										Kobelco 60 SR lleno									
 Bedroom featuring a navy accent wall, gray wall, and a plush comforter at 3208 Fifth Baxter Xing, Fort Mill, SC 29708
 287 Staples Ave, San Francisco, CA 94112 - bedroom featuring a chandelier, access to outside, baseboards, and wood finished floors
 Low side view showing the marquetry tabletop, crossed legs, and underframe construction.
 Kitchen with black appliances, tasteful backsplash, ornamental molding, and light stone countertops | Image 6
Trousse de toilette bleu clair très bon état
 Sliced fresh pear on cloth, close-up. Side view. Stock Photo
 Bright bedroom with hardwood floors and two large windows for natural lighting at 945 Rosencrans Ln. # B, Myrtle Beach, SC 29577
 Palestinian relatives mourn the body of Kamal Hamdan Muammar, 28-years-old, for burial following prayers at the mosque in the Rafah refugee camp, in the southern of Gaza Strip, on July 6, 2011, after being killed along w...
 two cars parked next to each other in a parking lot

What you need to do: Filter the records for lines holding the string "floors". Copy each one.

Answer to this problem:
 287 Staples Ave, San Francisco, CA 94112 - bedroom featuring a chandelier, access to outside, baseboards, and wood finished floors
 Bright bedroom with hardwood floors and two large windows for natural lighting at 945 Rosencrans Ln. # B, Myrtle Beach, SC 29577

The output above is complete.